Our “Hall of Faith” saints in verses 17–31 had faith in God despite the difficult circumstances surrounding them. As I read these verses, I was reminded of the reality that life is rarely easy. These saints believed in God and held to their faith, to “the assurance of things hoped for, the conviction of things not seen” (Hebrews 11:1 ESV) even in the face of suffering—even, in fact, in the face of death.
Abraham, in faith, offered up Isaac as a sacrifice to the Lord when he was tested, believing God would keep His promises, even if that meant God would need to raise Isaac from the dead. Moses, in faith, led the people to cross the Red Sea, even though to the outsider’s eye such an action would mean certain death, either by the raging waters or by the angry hand of the Egyptians. Yet, they trusted that God would deliver them—and He did.
Even so, all of these saints still tasted death. As he was dying, Jacob blessed the sons of Joseph. On his deathbed, Joseph foretold the Exodus and told his descendants to take his bones back to the Promised Land. And even though God saved Isaac that day from an early death on Mount Moriah, one day, he, too, would die just like Abraham, Moses, and Rahab. We see no miraculous interventions on their deathbeds to revive their hearts and breathe life into their spirits. These saints, full of faith, died.
This may not seem like a hopeful word to us at first, but I believe there’s a promise here worth uncovering. That promise is this: the saints of old held to their faith in God even in the face of death, because they knew death was not the end of the story.

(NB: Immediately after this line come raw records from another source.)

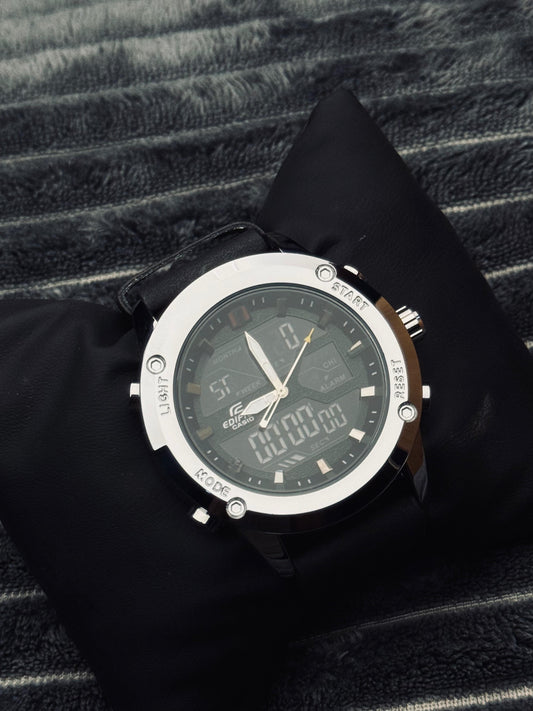 Dual Time || Sports Watch || Silver  Dial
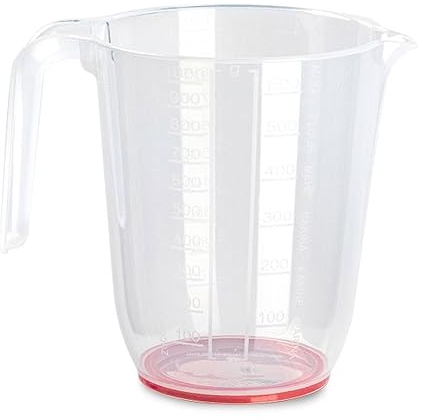 Tradineur - Jarra Medidora transparente con asa - Fabricada en plástico - Capacidad de 1 L - Base antideslizante - 14,5 x 16 x 8 cm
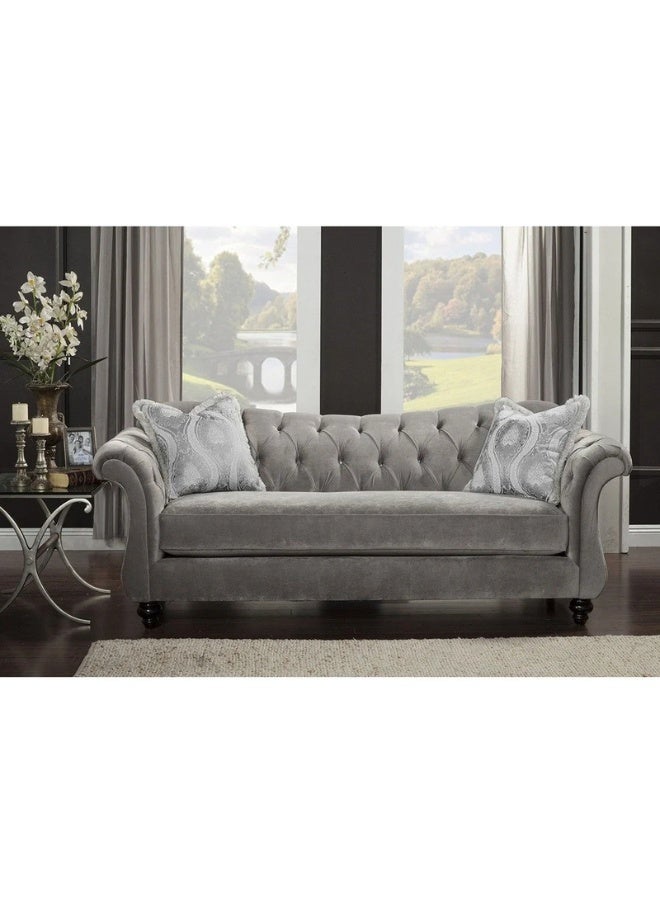 كستم ديكو أريكة فاخرة من القماش الموكا الفاتح بتصميم ملكي - أريكة مُنجدة مُخصصة لغرفة المعيشة، بتصميم أنيق وراحة فائقة - Image 3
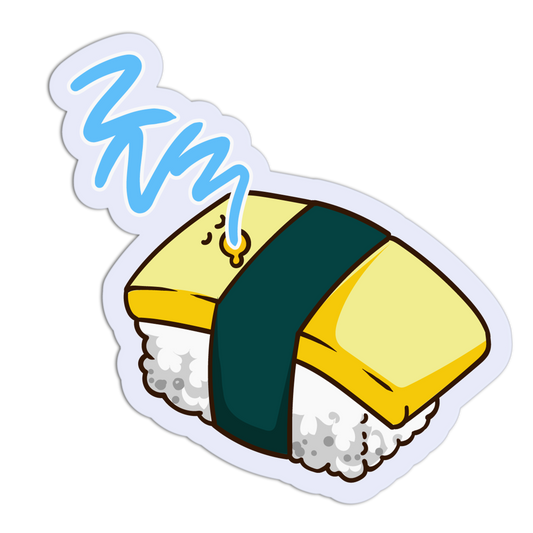 Cartoon-style sushi roll with sleeping text on a white background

They had faith that something greater was coming. Indeed, their faith pointed to the coming of Someone greater—Jesus! And because of Jesus, we, too, can have faith in the face of death because we know the One who defeated death. Because of our hope in Him, we, too, know death is not the end of the story. We, like Jesus, will be raised to life. As Charles Wesley tells us in his beloved hymn, “Mild He lays His glory by, born that man no more may die, born to raise the sons of earth, born to give them second birth” (Charles Wesley, “Hark! the Herald Angels Sing”).
Hebrews 11:17-31 (ESV):
17 By faith Abraham, when he was tested, offered up Isaac, and he who had received the promises was in the act of offering up his only son, 18 of whom it was said, “Through Isaac shall your offspring be named.” 19 He considered that God was able even to raise him from the dead, from which, figuratively speaking, he did receive him back. 20 By faith Isaac invoked future blessings on Jacob and Esau. 21 By faith Jacob, when dying, blessed each of the sons of Joseph, bowing in worship over the head of his staff. 22 By faith Joseph, at the end of his life, made mention of the exodus of the Israelites and gave directions concerning his bones.
23 By faith Moses, when he was born, was hidden for three months by his parents, because they saw that the child was beautiful, and they were not afraid of the king’s edict. 24 By faith Moses, when he was grown up, refused to be called the son of Pharaoh’s daughter, 25 choosing rather to be mistreated with the people of God than to enjoy the fleeting pleasures of sin. 26 He considered the reproach of Christ greater wealth than the treasures of Egypt, for he was looking to the reward. 27 By faith he left Egypt, not being afraid of the anger of the king, for he endured as seeing him who is invisible. 28 By faith he kept the Passover and sprinkled the blood, so that the Destroyer of the firstborn might not touch them.
29 By faith the people crossed the Red Sea as on dry land, but the Egyptians, when they attempted to do the same, were drowned. 30 By faith the walls of Jericho fell down after they had been encircled for seven days. 31 By faith Rahab the prostitute did not perish with those who were disobedient, because she had given a friendly welcome to the spies.